Voorafgaand aan de begeleiding is een booronderzoek uitgevoerd en een archeologische verwachting opgesteld. Het plangebied kreeg een hoge verwachting voor vindplaatsen uit de (late) ijzertijd en Romeinse tijd en een middelhoge verwachting voor vindplaatsen uit de late middeleeuwen/Nieuwe tijd. Bij de begeleiding zijn geen archeologische vindplaatsen aangetoond. Er zijn enkele sloten aangetroffen waarvan de ligging overeenkomt met de perceelsgrenzen van voor 1953. De precieze ouderdom van deze perceelsgrenzen kon niet worden vastgesteld. Verder zijn hoofdzakelijk natuurlijke verstoringen in de vorm van geulinsnijdingen gevonden. Uit deze geulen is een kleine hoeveelheid vondstmateriaal afkomstig daterend uit de late middeleeuwen of Nieuwe tijd. Het is onduidelijk of dit materiaal uit de directe nabijheid van de vindplaats of van een verder weg gelegen locatie afkomstig is.

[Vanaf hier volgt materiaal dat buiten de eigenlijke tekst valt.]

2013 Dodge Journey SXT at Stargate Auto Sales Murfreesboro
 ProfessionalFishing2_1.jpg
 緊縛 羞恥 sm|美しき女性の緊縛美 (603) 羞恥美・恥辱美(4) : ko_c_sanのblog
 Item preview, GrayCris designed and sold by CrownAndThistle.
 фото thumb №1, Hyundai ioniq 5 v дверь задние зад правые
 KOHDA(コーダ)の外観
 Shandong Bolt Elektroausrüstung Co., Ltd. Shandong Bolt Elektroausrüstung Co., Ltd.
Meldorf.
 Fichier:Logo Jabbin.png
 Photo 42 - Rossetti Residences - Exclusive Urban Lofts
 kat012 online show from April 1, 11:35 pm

Hoewel geen archeologische vindplaatsen zijn aangetoond blijft de archeologische verwachting op basis van de landschappelijke situering gehandhaafd. Dit betekent dat er in de omgeving van het plangebied vindplaatsen aanwezig kunnen zijn en er bij eventuele ingrepen een vorm van archeologisch onderzoek noodzakelijk is. Welke vorm dit onderzoek aanneemt is afhankelijk van de omvang van de ingreep. Bij kleine ingrepen vergelijkbaar met de huidige begeleiding kan eveneens volstaan worden met een archeologische begeleiding van de werkzaamheden. Bij grotere ingrepen wordt aanbevolen eerst een verkennend/karterend booronderzoek uit te voeren. Daarmee kunnen dan duidelijkere uitspraken over de intactheid van het bodemprofiel en over de aan- of afwezigheid van archeologische vindplaatsen gedaan worden, voordat verder onderzoek gedaan wordt.